[PATCH] Revert "arm64: Increase the max granular size"

Wed Mar 16 07:03:35 PDT 2016

On Wed, Mar 16, 2016 at 08:06:22AM -0500, Timur Tabi wrote:
> Will Deacon wrote:
> >Unfortunately, the original patch is required to support the 128-byte L1
> >cache lines of Cavium ThunderX, so we can't simply revert it like this.
> >Similarly, the desire for a single, multiplatform kernel image prevents
> >us from reasonably fixing this at compile time to anything other than
> >the expected maximum value.
> >
> >Furthermore, Timur previously said that the change is also required
> >"on our [Qualcomm] silicon", but I'm not sure if this is msm9886 or not:
> >
> >http://lkml.kernel.org/r/CAOZdJXUiRMAguDV+HEJqPg57MyBNqEcTyaH+ya=U93NHb-pdJA@mail.gmail.com
> 
> I was talking about our server part, the QDF2432.  At the time, I
> wasn't allowed to mention it by name.
> 
> >You could look into making ARCH_DMA_MINALIGN a runtime value, but that
> >looks like an uphill struggle to me. Alternatively, we could only warn
> >if the CWG is bigger than L1_CACHE_BYTES *and* we have a non-coherent
> >DMA master, but that doesn't solve any performance issues from having
> >things like locks sharing cachelines, not that I think we ever got any
> >data on that (afaik, we don't pad locks to cacheline boundaries anyway).
> >I'm also not sure what it would mean for PCI NoSnoop transactions.
> 
> Our internal version of this patch made it a Kconfig option.
> Perhaps that would at least be an improvement over just reverting
> it?  We already have to have our own defconfig for the QDF2432.

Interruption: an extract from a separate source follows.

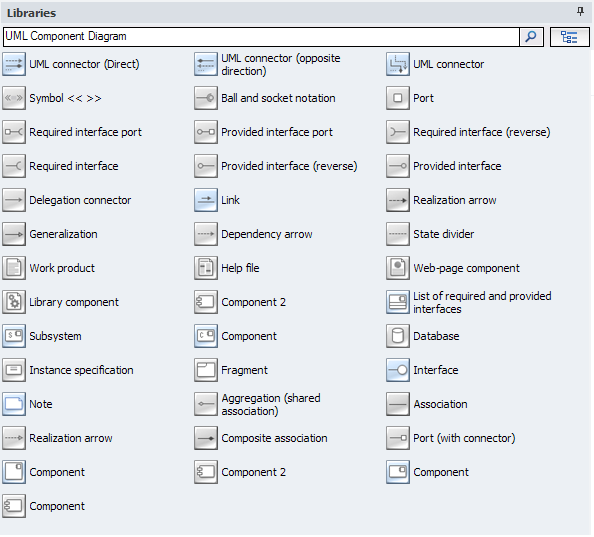 UML Component Diagram library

While having an option for producing a less-portable, performance tuned kernel
might not be the end of the world, the defconfig is intended to function
correctly on all platforms (assuming LE and 4K page support).

Even if we were to add the option, the default would have to be the maximum
size known to be implemented.

If I understand correctly, the main reason that we need this for correctness is
non-coherent DMA to/from SLAB caches.

A more general approach (and more invasive, but perhaps less so than making
ARCH_DMA_MINALIGN usage completely dynamic) would be to determine at runtime
whether the CWG is larger than the configured ARCH_DMA_MINALIGN, and if so,
force the use of bounce buffers (which could be padded to the architectural
maximum of 2K) for non-coherent DMA. That nicely degrades to not mattering for
the case of coherent DMA.

I would consider NoSnoop a separate case. It's closer to "negatively coherent",
and always required page-aligned buffer anyway due to MMU behaviour.

Thanks,
Mark.